Video by Guns N' Roses
- Released: December 8, 1992
- Recorded: February 22, 1992
- Venue: Tokyo Dome (Tokyo, Japan)
- Genre: Hard rock; heavy metal;
- Length: 74:16
- Label: Geffen Home Video

Guns N' Roses video chronology
| Use Your Illusion I and Use Your Illusion II (1991) | Use Your Illusion World Tour I and Use Your Illusion World Tour II (1991) | The "Civil War" EP (1993) |

= Use Your Illusion World Tour – 1992 in Tokyo II =

1992 live VHS/DVD by Guns N' Roses

Use Your Illusion World Tour – 1992 in Tokyo II is a live VHS/DVD by American hard rock band Guns N' Roses. Filmed live at the Tokyo Dome, Japan, on February 22, 1992, during the Japanese leg of the Use Your Illusion Tour, this recording features the second half of the concert, the first half appearing on sister volume Use Your Illusion I. Both VHS titles were distributed by Geffen Home Video in 1992.

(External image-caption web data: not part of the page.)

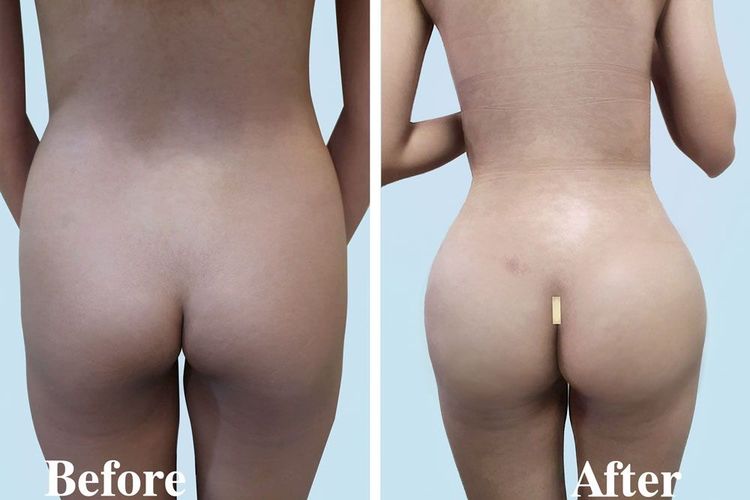 A 24-year-old client underwent waistline liposuction and endoscopic butt lift. 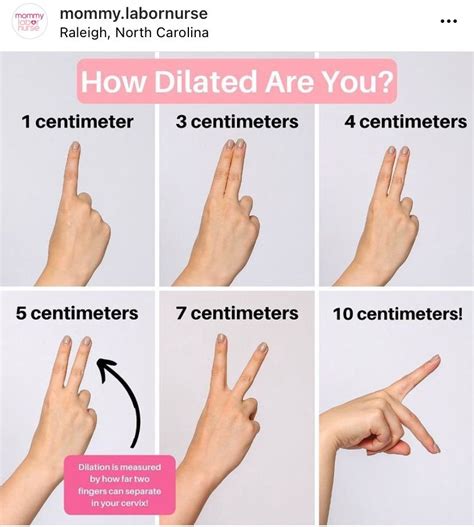 Cervical Dilation Chart Fingers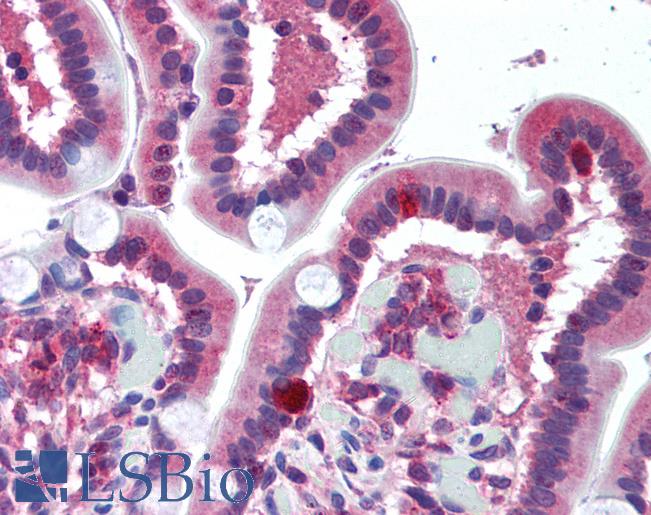 Anti-FPR1 antibody IHC of human small intestine. Immunohistochemistry of formalin-fixed, paraffin-embedded tissue after heat-induced antigen retrieval. Antibody LS-B2027 concentration 10 ug/ml.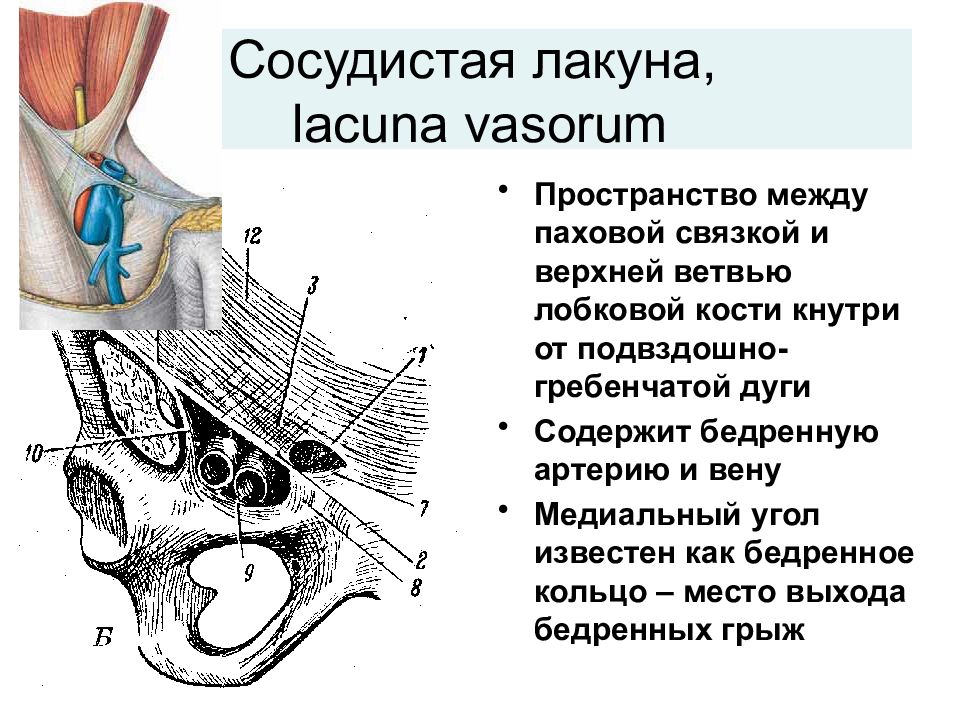 Сосудистая лакуна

The songs "You Could Be Mine", "Move to the City" and "Estranged" from this event were used in the band's 1999 live album Live Era '87–'93.

The release is certified gold by the RIAA, selling 50,000 copies.

== Track listing ==
1. "Introduction"
2. "You Could Be Mine"
3. "Drum Solo & Guitar Solo"
4. "Theme from The Godfather"
5. "Sweet Child o' Mine"
6. "So Fine"
7. "Rocket Queen" (w/ "It Tastes Good, Don't It?")
8. "Move to the City"
9. "Knockin' on Heaven's Door"
10. "Estranged"
11. "Paradise City"

== Credits ==
Uzi Suicide Co.; an original production of TDK Core Co., Ltd. and Japanese Satellite Broadcasting

=== Artists ===

Guns N' Roses:
- W. Axl Rose – lead vocals, piano, tambourine, whistle
- Slash – lead guitar, backing vocals, talkbox
- Duff McKagan – bass, timpani, backing vocals, lead vocals
- Matt Sorum – drums, percussion, backing vocals
- Dizzy Reed – keyboards, percussion, backing vocals, tambourine
- Gilby Clarke – rhythm guitar, backing vocals
Guests:
- Cece Worrall-Rubin, Lisa Maxwell, Anne King – horns
- Tracey Amos, Roberta Freeman – backing vocals
- Teddy Andreadis – keyboards, harmonica, backing vocals

=== Crew ===

- Director: Paul Becher
- Producers: Shuji Wakai, Tsugihiko Imai, Tamamatsu Kuwata, Ichiro Misu, Yasumi Takeuchi, Noboru Shimasaki, Reiko Nakano, Shigeo Iguro
- Light Design: Phil Ealy
- Sound Engineers: David Kehrer, Jim Mitchell
- Art Director: Kevin Reagan

== Certifications ==

| Region | Certification | Certified units/sales |
| Argentina (CAPIF) | 12× Platinum | 96,000^{^} |
| Australia (ARIA) | Platinum | 15,000^{^} |
| Canada (Music Canada) | Platinum | 10,000^{^} |
| Germany (BVMI) | Gold | 25,000^{^} |
| Mexico (AMPROFON) | Gold | 10,000^{^} |
| Portugal (AFP) | Silver |  |
| United States (RIAA) | Gold | 50,000^{^} |
^{^} Shipments figures based on certification alone.